坂本花織、圧勝で全日本選手権連覇達成。「GPファイナルの失敗...の画像はこちら >>

全日本選手権のフリーでノーミスの演技を見せ、連覇を果たした坂本花織

 全日本選手権の女子は、北京五輪銅メダリスト、そして世界女王としての実力をいかんなく発揮した坂本花織の圧勝だった。ショートプログラム(SP)で77.79点の首位発進。
迎えたフリーでも、冒頭でダイナミックなダブルアクセル(2回転半ジャンプ)を跳ぶと一気にエンジン全開で、勢いとともにスピードに乗り、次々とキレのあるジャンプを見せた。

「今日は後半になってもスピードが落ちずに伸び伸びと滑れたので、今までで一番気持ちよく滑れたし、自信を持って滑れました。今季、やっとジャンプを揃えられたことが大きかったですし、今、自分ができるマックスな演技でしたけど、自分はもっとレベルアップできるんじゃないかなと思います」

 圧巻のノーミス演技を披露したフリーでは、SP同様に国際スケート連盟非公認ながら今季最高得点の155.26点をたたき出し、合計233.05点の高得点となった。総合2位の三原舞依とは13.12点差がついた。

「フリーの最後のポーズが終わった時は、もうきつくて、いつものようにガッツポーズをできる余裕がなかった。そこまで出しきれたので、今日は本当によかったかなと思います。

フリーで150点は超えたいな、超えないかなと思っていたので、超えてびっくりしました」

 この勝利で2年連続3度目の全日本タイトル獲得を成し遂げた坂本。北京五輪の代表切符がかかっていた昨年の大会よりも、シーズン前半戦で苦しんだ分、今年の大会での優勝は味わい深いものがあったようだ。

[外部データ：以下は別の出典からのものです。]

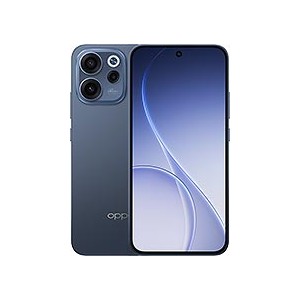 Oppo Reno15c (India)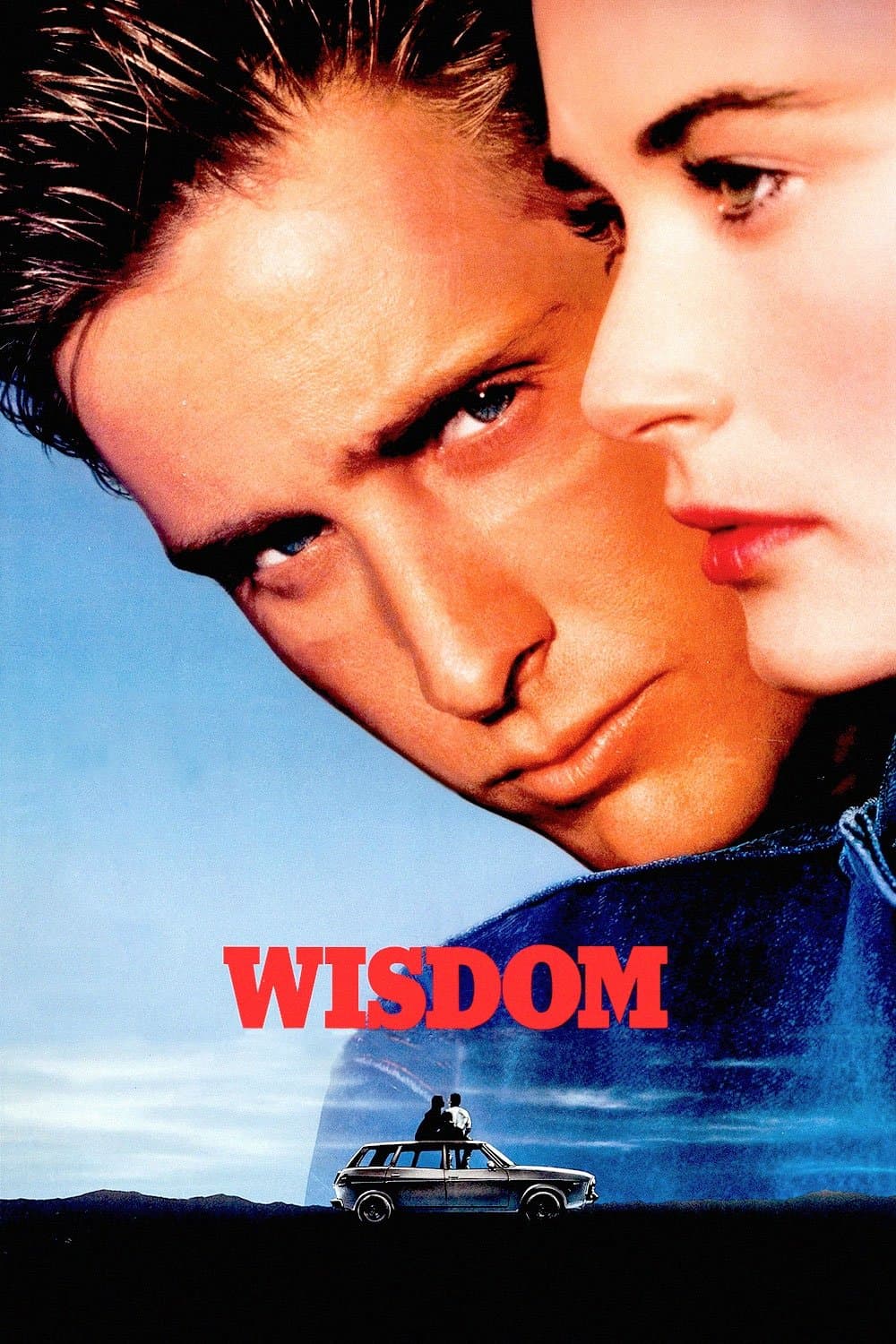 Oglądaj Krucjata Wisdoma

「昨年はオリンピックがかかっていたので、グランプリ(GP)シリーズからノーミスを続けて、全日本でもノーミスをして一発内定という大きな目標を成し遂げられた優勝でした。今年はそれに比べると、シーズンここまでの試合がよくなかったので、何としてでもここで切り替えないといけないという気持ちがあっての優勝なので、昨年と意味合いが全く違うなという感じです。GPファイナルの敗戦から、自分に打ち勝ったから、今回優勝できたと思います」

【GPファイナルの失敗が転機に】

 これまでのスケート人生で最高の成績を挙げた昨季、満足のいくシーズンを送ったことで、今季はモチベーション低下に悩まされた。これまでノーミス演技ができるまで徹底的に練習を繰り返してきたが、練習を途中で投げ出すことが多くなっていたという。

そのツケが今季前半戦の調子の浮き沈みの激しさに表れてしまった。

 自分の甘さを後悔する決定打となったのが、GPファイナルだ。ノーミス演技を見せたSPで1位となったものの、初制覇のチャンスが巡ってきたかと思われたフリーで、予想外のジャンプミスを連発。得点が伸びずにフリーは最下位で、総合5位に沈む天国と地獄を味わった。「こんな悔しさはもうこれきりにしたい」という、心の底からわき上がる強い思い。何をやるべきか、わかっていた。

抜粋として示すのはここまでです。